Study of Orally Administered MOMA-341 in Participants With Advanced or Metastatic Solid Tumors

What this study is about

This Phase 1, multi-center, where both patients and doctors know the treatment given, gradually increasing doses and dose optimization study is designed to assess the safety, tolerability, how the drug moves through the body (PK), how the drug affects the body (PDx), and preliminary clinical activity of MOMA-341 administered taken by mouth as a single agent or two or more treatments used together in patients with microsatellite instability high (MSI-H) or DNA mismatch repair deficiency (dMMR) solid tumors.

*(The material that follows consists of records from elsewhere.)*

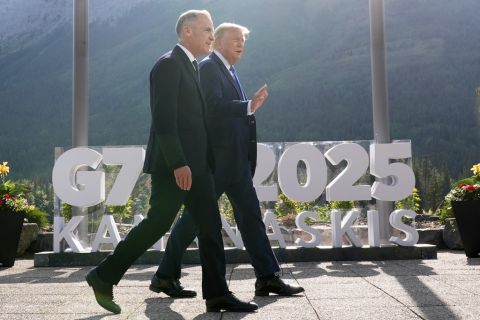 Canada's Prime Minister Mark Carney walks with President Donald Trump.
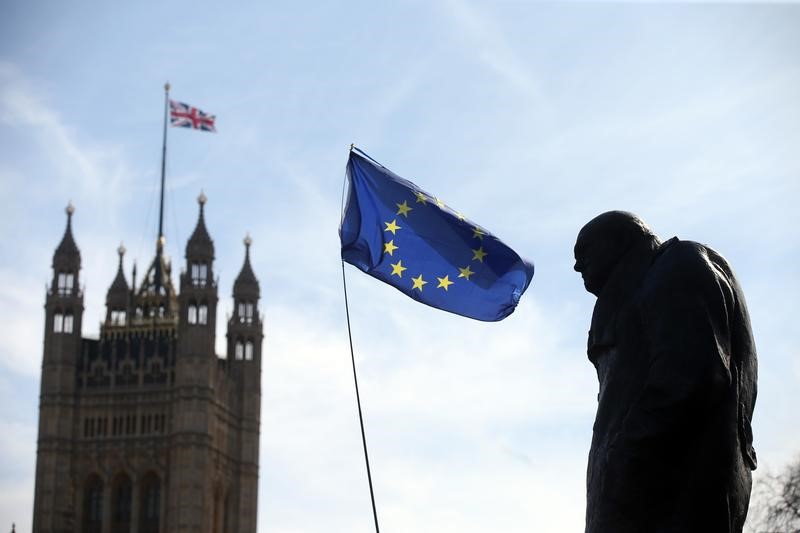 © Reuters. FILE PHOTO: An EU flag flies between the statue of Winston Churchill and a Union Flag flying from the Big Ben clock tower, during a Unite for Europe rally in Parliament Square, in central London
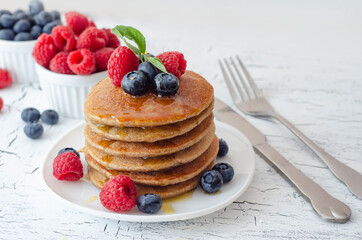 Pancakes with forest fruits berries on white table. Healthy breakfast. Blueberries, raspberries on pancakes.
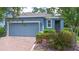 Charming single-story home with a brick driveway, lush landscaping, and a welcoming blue exterior at 1529 Chelsea Manor Cir, Deland, FL 32724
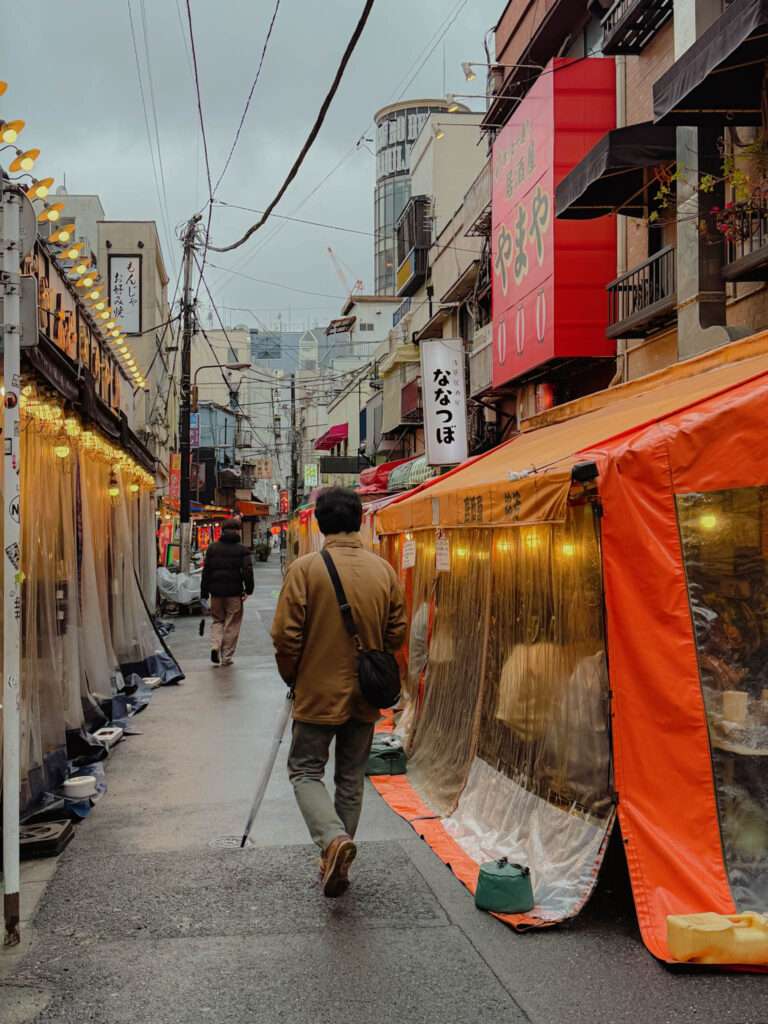 A man walking in the Rokku entertainment district of Asakusa is lined with small izakayas in Tokyo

View original scientific description

This Phase 1, multi-center, open-label, dose escalation and dose optimization study is designed to assess the safety, tolerability, pharmacokinetics (PK), pharmacodynamics (PDx), and preliminary clinical activity of MOMA-341 administered orally as a single agent or combination therapy in patients with microsatellite instability high (MSI-H) or DNA mismatch repair deficiency (dMMR) solid tumors.

Who can participate

This study lists these criteria on ClinicalTrials.gov. A study coordinator reviews eligibility during screening — this page does not determine whether you qualify.

Inclusion criteria

  • Age ≥ 18 years
  • Participants have unresectable advanced or metastatic solid tumors with MSI-H or dMMR alterations and histologically confirmed disease. Participants must have previously received and progressed on an anti-PD-(L)1-based regimen, unless ineligible or in a region without access to anti-PD-(L)1 therapies
  • Have at least 1 lesion at baseline (measurable or non-measurable) suitable for repeat imaging evaluation by RECIST and/or PCWG-3
  • ECOG PS ≤ 2
  • Fully recovered from clinically relevant effects of prior therapy, radiotherapy, and/or surgery \*\*hormonal therapy allowed. Palliative radiotherapy allowed
  • Adequate organ function per local labs
  • Comply with contraception requirements
  • Written informed consent must be obtained according to local guidelines

Exclusion criteria

  • Known Werner Syndrome
  • Active prior or concurrent advanced-stage malignancy (some exceptions allowed including early-stage cancers)
  • Clinically relevant cardiovascular disease
  • Known CNS metastasis associated with progressive neurological symptoms (stable doses of corticosteroids allowed)
  • Known active uncontrolled infection
  • Known allergy, hypersensitivity, and/or intolerance to MOMA-341
  • Impaired GI function that may impact absorption
  • Patient is pregnant or breastfeeding
  • Known to be HIV positive, unless all of the following criteria are met:
  • Undetectable viral load or CD4+ count ≥300 cells/μL
  • Receiving highly active antiretroviral therapy
  • No AIDS-related illness within the past 12 months
  • Active liver disease (some exceptions are allowed)
  • Prior or ongoing condition, therapy, or laboratory abnormality that, in the investigator's opinion, may affect safety of the patient, confound the results of the study, and/or interfere with the patients participation in the study

Where

  • San Diego, California
  • Tampa, Florida
  • Detroit, Michigan
  • St Louis, Missouri
  • Raleigh, North Carolina
  • Portland, Oregon
  • Dallas, Texas
  • Houston, Texas

Frequently asked questions

What is a clinical trial?

A clinical trial is a research study that tests new medical treatments, drugs, devices, or procedures to determine their safety and effectiveness. Trials are carefully designed and monitored to protect participants while advancing medical knowledge.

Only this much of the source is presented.